Personal Growth through Training
There are plenty of reasons why employees quit their jobs. Some do it because they hate their boss and cannot stand working for him any longer. Others jump ship wanting to get higher salaries or more benefits. A third group is those who feel stuck. They have gone as far as they can go, and there is no more room for growth.
Let us focus on the latter. Even if you manage a horizontal organization where promotions are scarce, and most employees have been in the same position for a long time, there are still things you can do to better your staff. One of the most important ones is training. Whether they take part in a leadership seminar, enhance their business communication skills, or learn a new language, training serves various purposes.
First, it lets your workers know that you care about them and not only the bottom line. Second, their skills are improving, and as a result, they can do more for your organization. Third, training provides you with the possibility of networking with experts. These are people who can provide a long-term benefit to your business.
Clarity in Rules and Expectations
The most devastating aspect of earthquakes is that they are unpredictable. No matter how much technology a country has or how knowledgeable its engineers are, an earthquake will hit without a moment’s notice. Thus, in the majority of cases, the damage will be irreparable.
A similar phenomenon is seen in business, specifically in the handling of labor. If employees know that they have to work until midnight without getting any overtime incentives, they will do so. After all, this is what they signed up for when they joined the company.

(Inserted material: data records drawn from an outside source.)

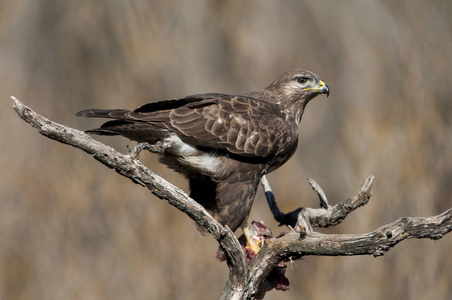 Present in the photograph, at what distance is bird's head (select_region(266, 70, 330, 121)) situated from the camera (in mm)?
5617

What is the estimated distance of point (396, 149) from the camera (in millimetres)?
9305

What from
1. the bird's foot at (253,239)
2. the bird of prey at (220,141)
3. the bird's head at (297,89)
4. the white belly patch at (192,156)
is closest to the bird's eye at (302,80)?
the bird's head at (297,89)

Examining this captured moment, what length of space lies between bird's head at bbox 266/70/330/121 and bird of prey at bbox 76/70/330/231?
1.16 ft

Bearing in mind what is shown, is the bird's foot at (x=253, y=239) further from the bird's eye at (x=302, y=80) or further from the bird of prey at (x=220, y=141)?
the bird's eye at (x=302, y=80)

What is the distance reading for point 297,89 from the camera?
563 centimetres

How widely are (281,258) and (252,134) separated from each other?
1.12 metres

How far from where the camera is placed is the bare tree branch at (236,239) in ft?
11.3

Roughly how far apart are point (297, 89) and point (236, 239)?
81.7 inches

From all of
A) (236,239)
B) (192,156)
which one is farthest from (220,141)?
(236,239)

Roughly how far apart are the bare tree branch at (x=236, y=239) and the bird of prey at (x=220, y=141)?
55cm

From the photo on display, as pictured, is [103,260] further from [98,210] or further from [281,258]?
Answer: [281,258]

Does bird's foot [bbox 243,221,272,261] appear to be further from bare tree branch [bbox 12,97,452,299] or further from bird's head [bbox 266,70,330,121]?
bird's head [bbox 266,70,330,121]

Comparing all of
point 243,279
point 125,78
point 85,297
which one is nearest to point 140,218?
point 85,297

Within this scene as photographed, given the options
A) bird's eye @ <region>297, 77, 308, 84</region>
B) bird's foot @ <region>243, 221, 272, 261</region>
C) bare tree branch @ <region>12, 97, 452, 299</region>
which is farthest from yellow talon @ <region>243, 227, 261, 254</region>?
bird's eye @ <region>297, 77, 308, 84</region>
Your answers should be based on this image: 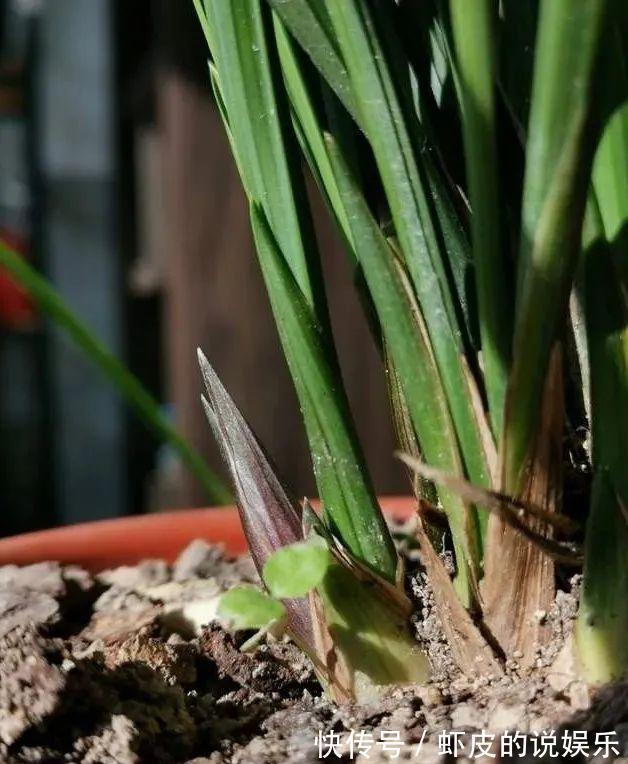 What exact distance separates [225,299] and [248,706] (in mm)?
953

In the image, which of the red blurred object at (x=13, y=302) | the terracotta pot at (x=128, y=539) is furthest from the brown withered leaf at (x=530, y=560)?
the red blurred object at (x=13, y=302)

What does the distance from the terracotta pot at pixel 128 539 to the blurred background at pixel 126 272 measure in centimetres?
61

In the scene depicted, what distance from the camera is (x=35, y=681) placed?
0.33 metres

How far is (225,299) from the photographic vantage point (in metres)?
1.30

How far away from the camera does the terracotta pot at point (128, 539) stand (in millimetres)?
566

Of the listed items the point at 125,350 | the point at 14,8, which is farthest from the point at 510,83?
the point at 14,8

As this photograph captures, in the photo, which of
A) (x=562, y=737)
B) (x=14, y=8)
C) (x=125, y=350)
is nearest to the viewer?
(x=562, y=737)

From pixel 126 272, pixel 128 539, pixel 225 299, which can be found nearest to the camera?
pixel 128 539

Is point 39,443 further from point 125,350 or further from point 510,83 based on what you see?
point 510,83

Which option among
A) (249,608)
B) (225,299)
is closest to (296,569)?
(249,608)

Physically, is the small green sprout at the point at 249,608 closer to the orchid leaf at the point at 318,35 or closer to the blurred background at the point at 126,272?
the orchid leaf at the point at 318,35

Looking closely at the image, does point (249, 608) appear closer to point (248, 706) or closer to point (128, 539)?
point (248, 706)

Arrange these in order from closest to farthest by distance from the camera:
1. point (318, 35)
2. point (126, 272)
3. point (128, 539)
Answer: point (318, 35) < point (128, 539) < point (126, 272)

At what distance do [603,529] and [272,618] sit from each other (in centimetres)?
13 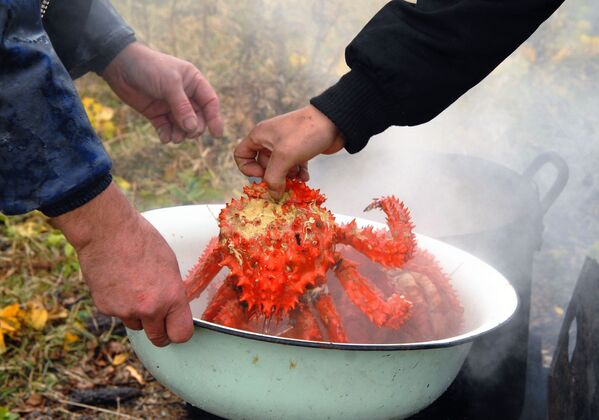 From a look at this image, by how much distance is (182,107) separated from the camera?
213 cm

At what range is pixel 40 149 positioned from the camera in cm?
120

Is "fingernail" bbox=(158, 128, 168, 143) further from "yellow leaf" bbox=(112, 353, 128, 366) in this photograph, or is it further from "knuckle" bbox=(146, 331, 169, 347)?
"knuckle" bbox=(146, 331, 169, 347)

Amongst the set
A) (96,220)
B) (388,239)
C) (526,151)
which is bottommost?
(526,151)

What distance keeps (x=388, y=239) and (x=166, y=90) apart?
3.21 ft

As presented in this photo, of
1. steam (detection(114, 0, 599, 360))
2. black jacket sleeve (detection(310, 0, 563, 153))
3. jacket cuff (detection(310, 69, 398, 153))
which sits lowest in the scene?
steam (detection(114, 0, 599, 360))

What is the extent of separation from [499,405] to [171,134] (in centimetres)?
151

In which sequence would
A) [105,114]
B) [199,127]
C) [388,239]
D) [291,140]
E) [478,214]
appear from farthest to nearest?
1. [105,114]
2. [478,214]
3. [199,127]
4. [388,239]
5. [291,140]

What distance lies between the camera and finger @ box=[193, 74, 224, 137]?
7.34 feet

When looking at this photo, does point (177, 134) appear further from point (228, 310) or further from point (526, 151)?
point (526, 151)

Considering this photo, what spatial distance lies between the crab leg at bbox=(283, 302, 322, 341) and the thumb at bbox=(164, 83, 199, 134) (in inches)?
33.1

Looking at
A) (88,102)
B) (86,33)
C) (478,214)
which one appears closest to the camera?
(86,33)

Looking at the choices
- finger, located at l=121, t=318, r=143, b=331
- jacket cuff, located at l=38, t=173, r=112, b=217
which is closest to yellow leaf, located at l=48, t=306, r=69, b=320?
finger, located at l=121, t=318, r=143, b=331

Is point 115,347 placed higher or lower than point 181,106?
lower

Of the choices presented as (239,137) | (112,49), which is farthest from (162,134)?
(239,137) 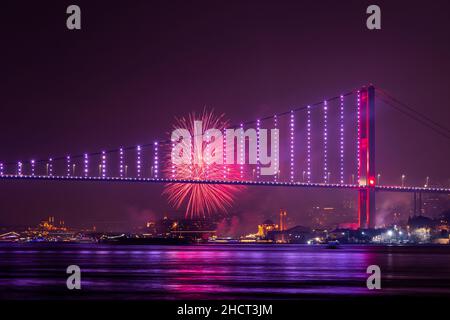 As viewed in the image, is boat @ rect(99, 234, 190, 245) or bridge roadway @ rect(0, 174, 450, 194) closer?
bridge roadway @ rect(0, 174, 450, 194)

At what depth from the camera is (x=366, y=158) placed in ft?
249

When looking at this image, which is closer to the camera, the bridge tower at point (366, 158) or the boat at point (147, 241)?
the bridge tower at point (366, 158)

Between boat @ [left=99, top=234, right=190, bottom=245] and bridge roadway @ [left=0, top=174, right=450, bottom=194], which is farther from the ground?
bridge roadway @ [left=0, top=174, right=450, bottom=194]

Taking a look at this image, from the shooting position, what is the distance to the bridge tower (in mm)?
71562

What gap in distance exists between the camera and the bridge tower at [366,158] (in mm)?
71562

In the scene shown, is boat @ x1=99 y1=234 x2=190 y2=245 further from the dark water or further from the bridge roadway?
the dark water

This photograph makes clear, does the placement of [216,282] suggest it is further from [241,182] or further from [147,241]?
[147,241]

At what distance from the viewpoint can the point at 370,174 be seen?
241 ft

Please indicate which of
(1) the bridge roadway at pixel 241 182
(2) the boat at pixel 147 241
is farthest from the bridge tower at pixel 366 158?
(2) the boat at pixel 147 241

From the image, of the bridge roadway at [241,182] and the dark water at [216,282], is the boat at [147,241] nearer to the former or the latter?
the bridge roadway at [241,182]

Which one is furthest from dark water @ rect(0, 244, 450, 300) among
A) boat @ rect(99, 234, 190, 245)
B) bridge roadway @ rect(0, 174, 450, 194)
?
boat @ rect(99, 234, 190, 245)

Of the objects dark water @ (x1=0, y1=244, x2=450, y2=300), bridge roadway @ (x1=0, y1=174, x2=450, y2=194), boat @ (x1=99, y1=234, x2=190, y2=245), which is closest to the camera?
dark water @ (x1=0, y1=244, x2=450, y2=300) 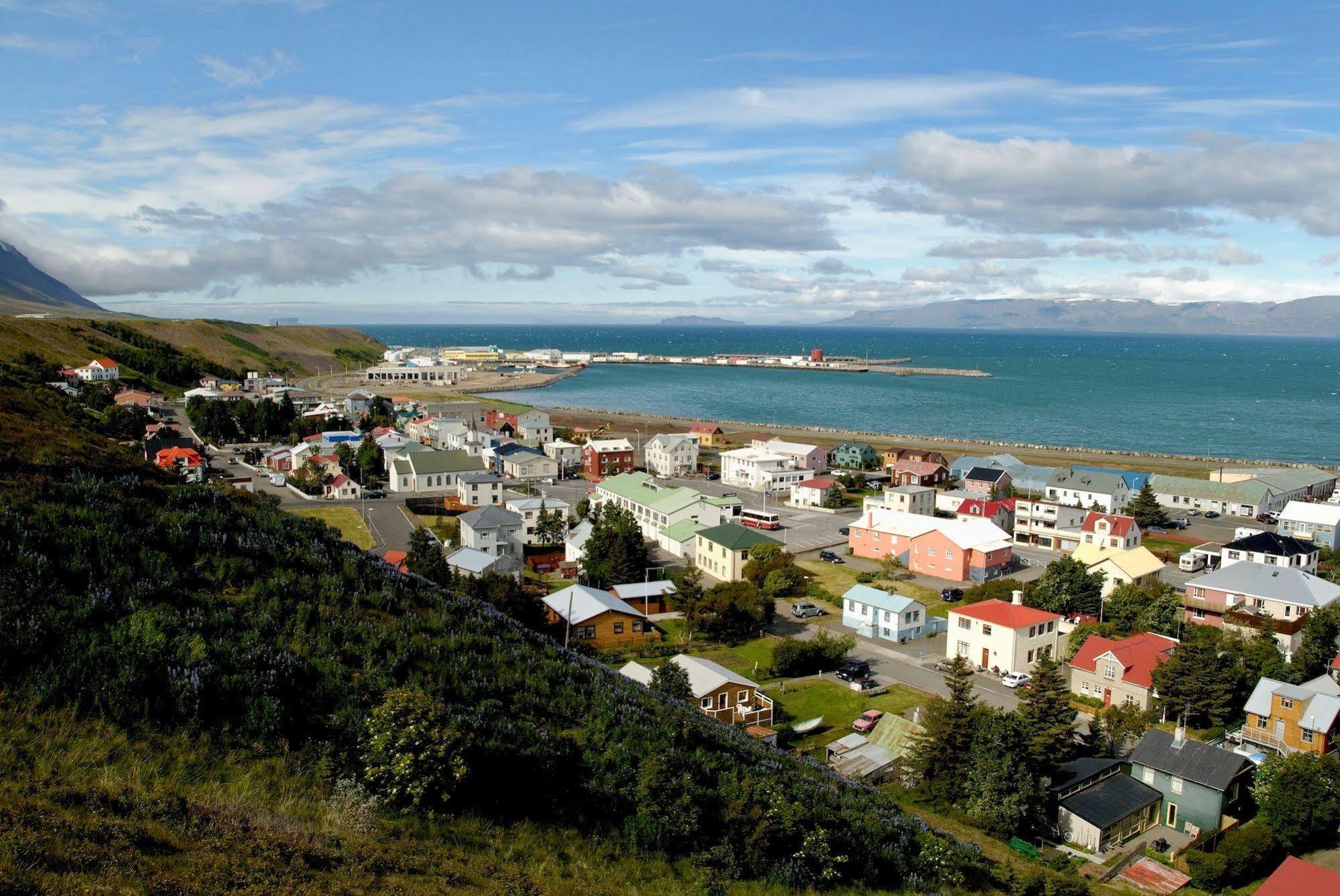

Yet, if this is not in the contract, it’ll come as a surprise to them, and the level of push back and dissatisfaction will be enormous.
The problem many organizations face is not the rule itself or how many there are. On the contrary, the thing employees take issue with is not having enough rules or having unclear ones.
“This is not what I am being paid to do.” “What you are asking me now is not what you told me in the interview.” “You said we could take three days off, not two.” These and other similar complaints are widespread in more than a few companies. Managers don’t set clear expectations at the beginning and then wonder why employees are unhappy.
A Great Company Culture
Everybody talks about great company culture, but few actually know how to define it. Is it an organization where all employees are happy? Is it based more on a stable management team and a responsible board of directors? Does great company culture represent high sales numbers and profitability?
All three answers are valid. Still, what matters is not what the term represents. The important thing is how to achieve it. If you find yourself looking for answers, you could start by looking at few different aspects, including:
- A staff that is in alignment with company goals. If your employees share your vision, they will be more than willing to do what it takes to get there.
- Employees who are motivated to work. Ability is meaningless if there is no desire. A person can be incredibly skilled, but without motivation, he will get nowhere.
- An environment built for teamwork and cooperation. Some companies are fun to be at, even if the workload is high. The same goes for colleagues. A good partner will increase efficiency tenfold.
- Sense of belonging. All people working for the enterprise feel as though they are shareholders in the venture. They are not merely employees getting paid a monthly salary but essential contributors and drivers of success.
- Building leaders. At some point, CEOs will step down, and managers will give way for newcomers. Is your organization ready for this? Will your replacement be as good as you?
These and other features showcase what great company culture is and where the organization should be trying to get.
Nobody joins an organization to quit. Most do so because they want to grow as individuals and be part of something special. Whether this is achieved depends on how much management cares and what they are willing to do.
By placing proper value on training, rules and regulations, and the organization’s culture, companies will ensure low turnover rates and thrive in any industry they find themselves in.